Uciekałem przed Bożym Miłosierdziem. Wolę nawet nie myśleć, do czego byłbym zdolny, gdybym uległ wtedy rozpaczy.
Zaczął się przełomowy, ale jednocześnie bardzo bolesny i ciemny okres mojego nawrócenia. Z perspektywy czasu widzę jednak, że był on konieczny, abym przemyślał i zrozumiał wiele spraw. Traktuję to jako cenne doświadczenie, choć jednocześnie nie chciałbym go już powtarzać. Straciłem bowiem wówczas praktycznie całą nadzieję na ratunek, uważałem, że jestem już potępiony i moje dalsze starania w powrocie do Boga nie mają już sensu, bo On mi już tego nie przebaczy. Szatan robił wszystko, by mnie utwierdzić w tym przekonaniu, zniechęcając do dalszej modlitwy i chodzenia do kościoła, podsuwał mi również myśli o samobójstwie i to prawdziwy cud, że tego wtedy nie zrobiłem. Z wielkim trudem wykonywałem swoje codzienne obowiązki i z lękiem wychodziłem z domu. Oparciem w tym czasie była dla mnie rodzina i przyjaciele, którzy widząc, że coś jest ze mną nie tak, mocno się za mnie modlili. Jednocześnie Bóg przez różne wydarzenia i okoliczności pokazywał mi, że nic nie jest jeszcze stracone i dawał mi nadzieję. Pamiętam, jak raz wróciłem zdołowany z pracy do domu i natrafiłem na stole na rozłożone czasopismo religijne, które czytała wcześniej moja żona. Nie wiem już dokładnie, czego dotyczył artykuł, ale zwróciłem od razu uwagę na fragment z „Dzienniczka” Św. Faustyny:
„Gdy dusza ujrzy i pozna ciężkość swych grzechów, gdy się odsłoni przed jej oczyma duszy cała przepaść nędzy, w jakiej się pogrążyła, niech nie rozpacza, ale z ufnością niech się rzuci w ramiona Mojego miłosierdzia, jak dziecko w objęcia ukochanej matki. Dusze te mają pierwszeństwo do Mojego miłosierdzia. Powiedz, że żadna dusza, która wzywała miłosierdzia Mojego, nie zawiodła się ani nie doznała zawstydzenia” (Dz 1541).

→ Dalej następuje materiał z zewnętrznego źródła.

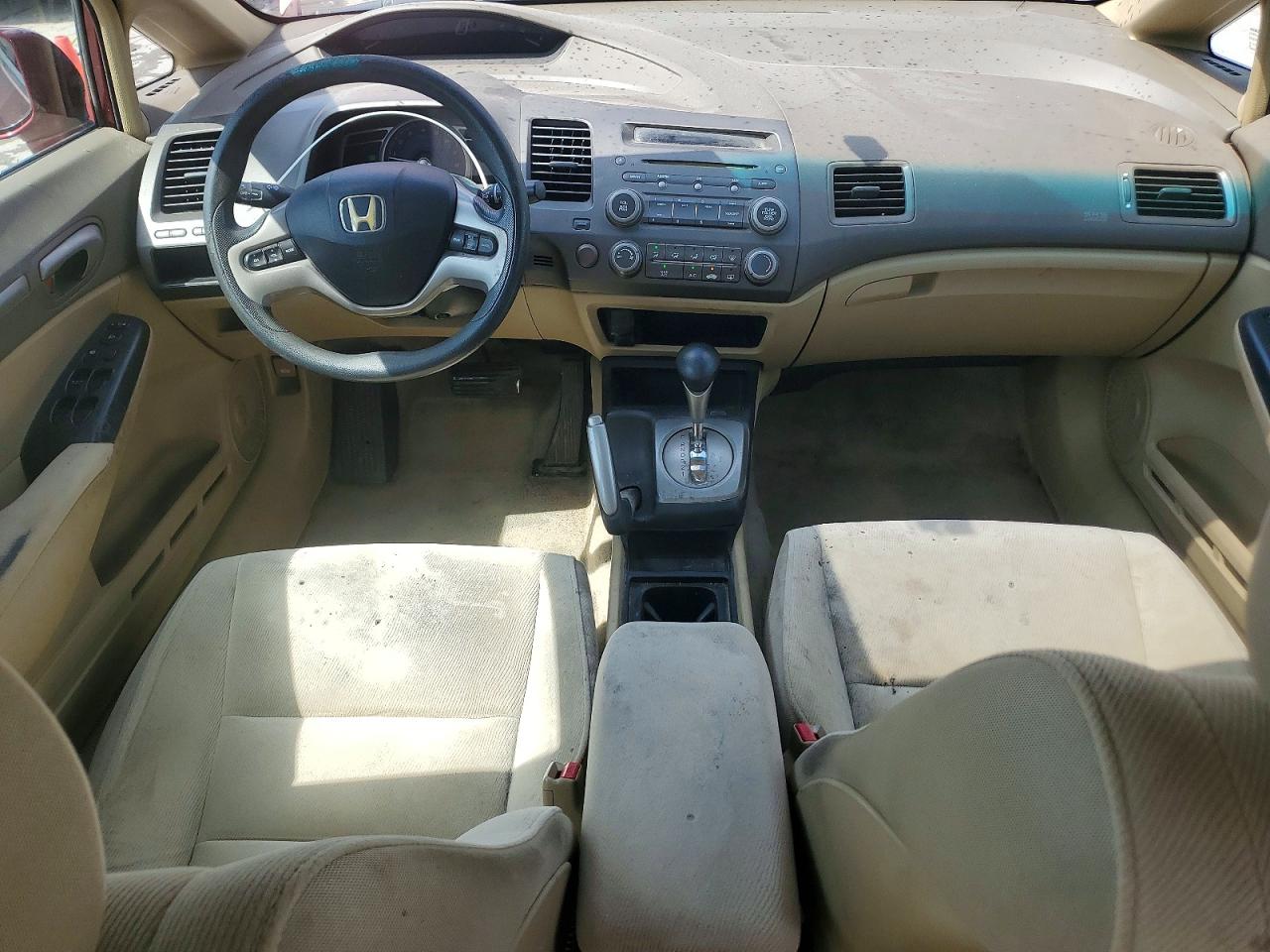 2008 Honda Civic Ex Maroon vin: 1HGFA16828L048430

Te słowa napełniły mnie wielką otuchą, choć nadal targały mną wątpliwości. Niedługo po tym udałem się do kościoła i modląc się przed Najświętszym Sakramentem zapytałem, co mam zrobić. Usłyszałem wtedy w moim wnętrzu mocny głos, który wypływał z tabernakulum ze słowami: „zrób rachunek i przyjdź”. Byłem zaskoczony tak konkretną odpowiedzią, ale po trochu nadal nie dowierzałem, dlatego kontynuowałem modlitwę z prośbą o pomoc. W tej samej chwili podeszła do mnie z drugiej części kościoła starsza kobieta (widywałem ją wcześniej w kościele, ale się nie znaliśmy) i powiedziała, że jak chcę iść do spowiedzi, to ksiądz czeka na mnie w konfesjonale. Nie poszedłem wtedy do niego, bo ksiądz ten był Anglikiem, a ja nie posługiwałem się tym językiem na tyle swobodnie, aby się wyspowiadać, jednak wiedziałem już, że Pan Jezus chce, żebym się z Nim spotkał w sakramencie pokuty i pojednania.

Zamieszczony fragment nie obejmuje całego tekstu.